**WHAT TO WORK ON:**
Reproduce exactly, from the data that follows, the line with "Mumbai Indians' Rohit", the line with "living room with", and every line that lies between them.

**PROVIDED RECORDS:**
=======
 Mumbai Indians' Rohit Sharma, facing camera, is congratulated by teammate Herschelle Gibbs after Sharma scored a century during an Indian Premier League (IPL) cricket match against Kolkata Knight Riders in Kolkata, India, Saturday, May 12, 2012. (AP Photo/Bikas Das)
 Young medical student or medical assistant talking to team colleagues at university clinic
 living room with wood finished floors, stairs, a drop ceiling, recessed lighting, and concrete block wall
=======
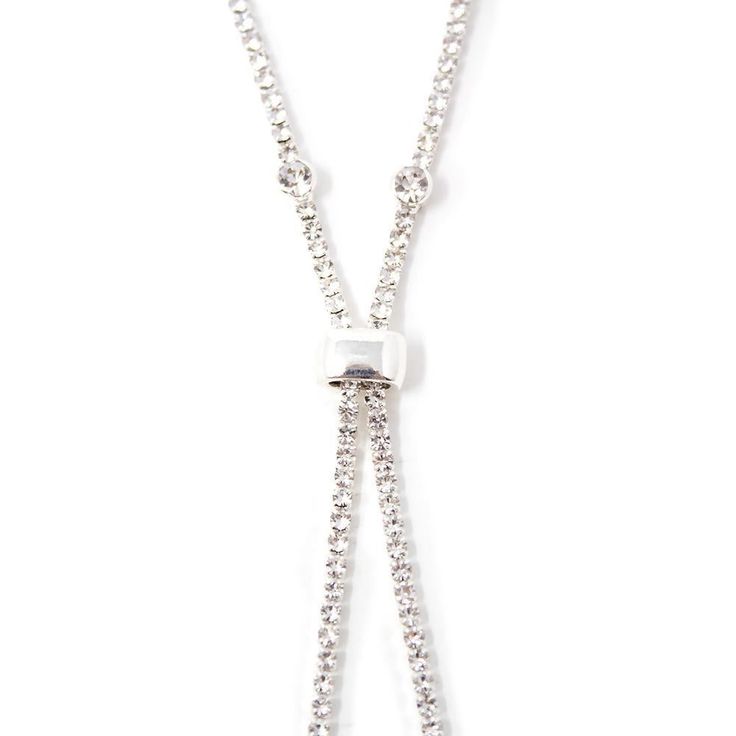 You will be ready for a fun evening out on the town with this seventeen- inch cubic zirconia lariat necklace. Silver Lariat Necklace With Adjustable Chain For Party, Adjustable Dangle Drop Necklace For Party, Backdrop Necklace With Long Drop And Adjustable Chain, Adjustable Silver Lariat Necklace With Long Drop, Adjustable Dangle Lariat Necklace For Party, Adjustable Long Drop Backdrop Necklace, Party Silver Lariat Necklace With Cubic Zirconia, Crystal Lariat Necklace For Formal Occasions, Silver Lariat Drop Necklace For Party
=======
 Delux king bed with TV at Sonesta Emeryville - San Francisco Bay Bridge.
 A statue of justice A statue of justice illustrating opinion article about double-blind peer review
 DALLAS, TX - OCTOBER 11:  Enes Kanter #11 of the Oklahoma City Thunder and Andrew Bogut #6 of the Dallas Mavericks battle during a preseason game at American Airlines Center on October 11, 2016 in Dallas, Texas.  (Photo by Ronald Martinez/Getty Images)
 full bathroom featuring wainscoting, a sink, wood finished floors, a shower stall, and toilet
=======
**REPLY TO THE EXERCISE:**
 Mumbai Indians' Rohit Sharma, facing camera, is congratulated by teammate Herschelle Gibbs after Sharma scored a century during an Indian Premier League (IPL) cricket match against Kolkata Knight Riders in Kolkata, India, Saturday, May 12, 2012. (AP Photo/Bikas Das)
 Young medical student or medical assistant talking to team colleagues at university clinic
 living room with wood finished floors, stairs, a drop ceiling, recessed lighting, and concrete block wall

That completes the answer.